Section 27. Massachusetts Privacy Fund

(a) There shall be established upon the books of the commonwealth a separate special fund to be known as the Massachusetts Privacy Fund.

(b) All civil penalties, expenses, attorney fees and registration fees collected pursuant to sections 20 and 25 shall be paid into the state treasury and credited to the Massachusetts Privacy Fund. Interest earned on moneys in the fund shall remain in the fund and be credited to it. Any moneys remaining in the fund, including interest thereon, at the end of each fiscal year shall remain in the fund and not revert to the general fund.

(c) The attorney general shall have discretion to allocate the proceeds of any settlement of a civil action pursuant to this chapter to:

(1) the Massachusetts Privacy Fund;

(2) the general fund; or

(3) where possible, directly to individuals impacted by the violation of the chapter. 

(d) Moneys in the Massachusetts Privacy Fund shall be used to support the work of the attorney general pursuant to section 25. Moneys in the fund shall be subject to appropriation and shall not be used to supplant general fund appropriations to the attorney general.

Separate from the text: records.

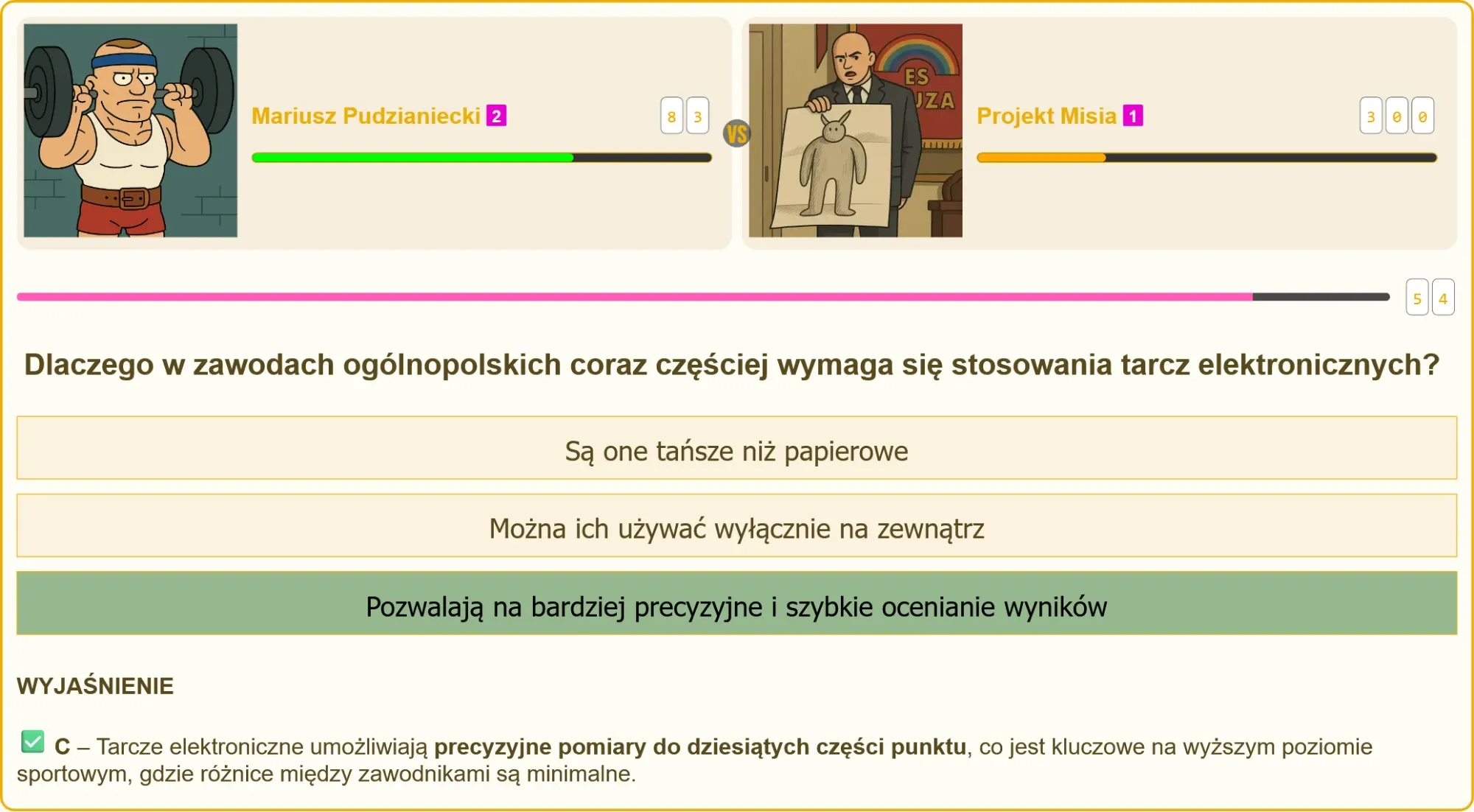 Porównanie tarczy elektronicznej i tradycyjnej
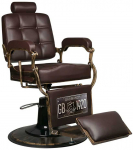 Juuksuritool Gabbiano Boss 126467, 48 x 50 x 106 - 123 cm, tumepruun v.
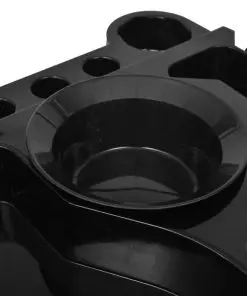 vidaXL Hair Salon Trolley with Wheels Plastic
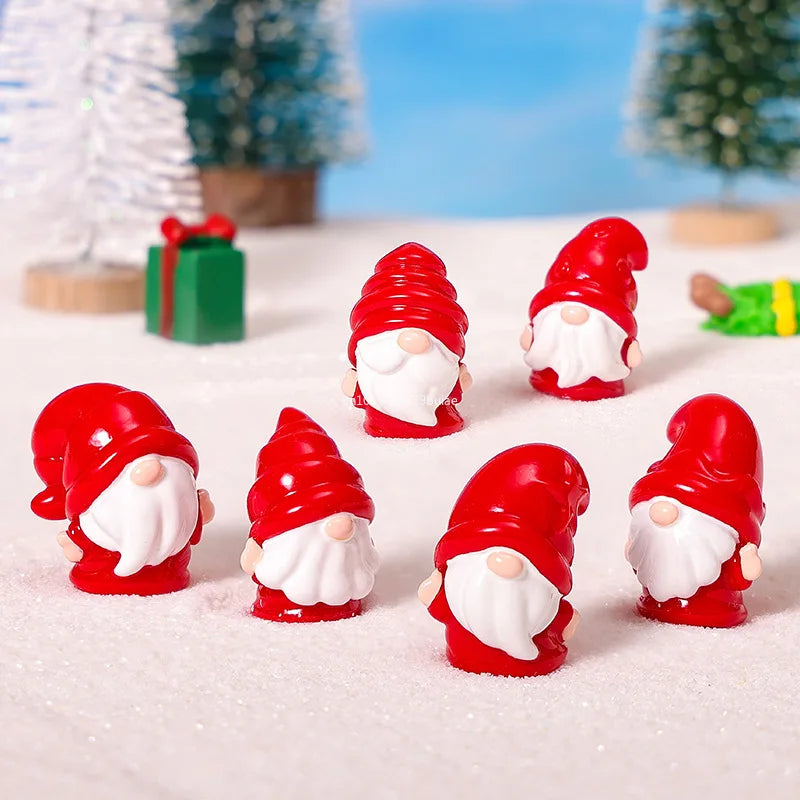Cute Red Dwarf Gnome Figurine | Mini Garden Landscape Ornament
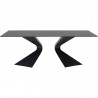Table Gloria 200x100cm grès noir Kare Design
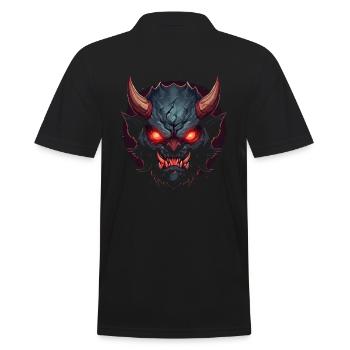 Monster Monster Demon Devil Vampire Guhl Zombie - Men's Polo Shirt - black - Back - Kai (181cm)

Section 28. Reciprocity and Interoperability

(a) A controller or processor shall be in compliance with provisions of this chapter if:

(1) it complies with comparable provisions of a personal information privacy law in another jurisdiction;

(2) the controller or processor applies the provisions of that law to its processing activities concerning individuals; and

(3) the attorney general determines that the provisions of that law in the other jurisdiction are equally or more protective of personal information than the provisions of this chapter.

(b) The attorney general may charge a fee to a controller or processor that asserts compliance with a comparable law under subsection (a); provided, however, that the fee shall reflect costs reasonably expected to be incurred by the attorney general to determine whether the provisions of such law are equally or more protective than the provisions of this chapter.

Section 29. Severability

(a) The provisions of this chapter are severable. If any provision of this chapter, or the application of any provision of this chapter, is held invalid, the remaining provisions, or applications of provisions, shall remain in full force and not be affected.

(b) If a court were to find in a final, unreviewable judgment that the exclusion of one or more entities or activities from the applicability of this chapter renders the chapter unconstitutional, those exceptions shall be rendered null and invalid and the exemption shall not continue.

Section 30. Implementation for Nonprofits and Institutions of Higher Education

This chapter shall apply to nonprofit organizations and institutions of higher education.

SECTION 2. Chapter 93M of the General Laws shall take effect 18 months after the passage of this act; provided, however, that:

(1) section 2 and subsections (p) through (w) of section 25 of the chapter shall take effect upon the passage of this act; and

(2) section 30 of the chapter shall take effect 30 months after the passage of this act.